Leaving the policeman nursing his injured civic pride, Longarm paid the silent, surly Greek behind the counter for his breakfast and resumed his walk to work, feeling almost human. He knew he rated the day off for having spent the night on duty, but these new regulations about paperwork meant he had to report in before he could go home to his furnished digs for some shut-eye.
The Federal Building sat at the foot of Capitol Hill. Longarm went in and climbed to the second floor, where he found a door marked UNITED STATES MARSHAL, FIRST DISTRICT COURT OF COLORADO.
He entered, nodded to the pallid clerk pecking at his newfangled typewriting machine, and made his way to an inner door, where he let himself in without knocking.
His superior, U.S. Marshal Vail, glared up with a start from behind his big mahogany desk and snapped, “Damn it, Longarm! I’ve told you I expect folks to knock before they come busting in on me!”

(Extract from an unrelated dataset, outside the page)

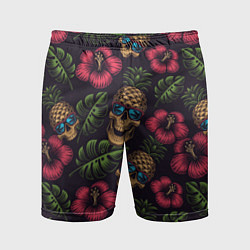 Шорты спортивные мужские Ананасовый череп, цвет: 3D-принт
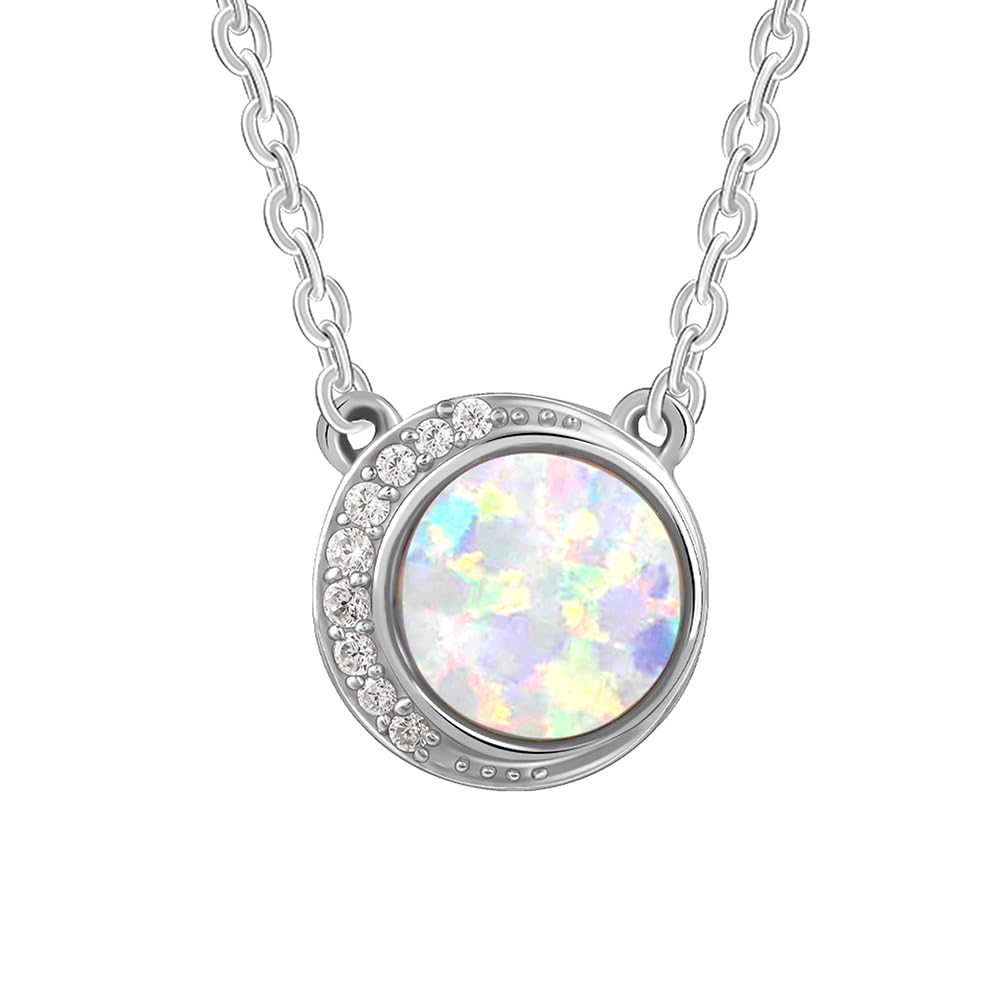 925 Silver Opal Moon Necklace| Pendant to Gift Women & Girls | With Certificate of Authenticity and 925 Stamp | 6 Months Warranty-image-34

Longarm grinned and was about to sass the plump, pink man behind the desk. Then he saw Vail’s visitor, seated in an overstuffed leather armchair near the banjo clock on the wall and tipped the brim of his hat instead, saying, “Your servant, ma’am!”
The woman in the visitor’s chair was dressed severely in black, with a sort of silly little hat perched atop her coal-black hair. She was about twenty-five and pretty. She wasn’t quite a white woman. Maybe a Mexican lady, dressed American.
Marshal Vail said, “I’m glad to see you on time for a change, Longarm. Allow me to present you to Princess Gloria Two-Women of the Blackfoot Nation.” Longarm managed another smiling nod before the girl cut in with a severe but no less pretty frown to say, “I am no such thing, Marshal Vail. Forgive me for correcting you, but, John Smith and Pocahontas notwithstanding, there is no such thing as an Indian princess.”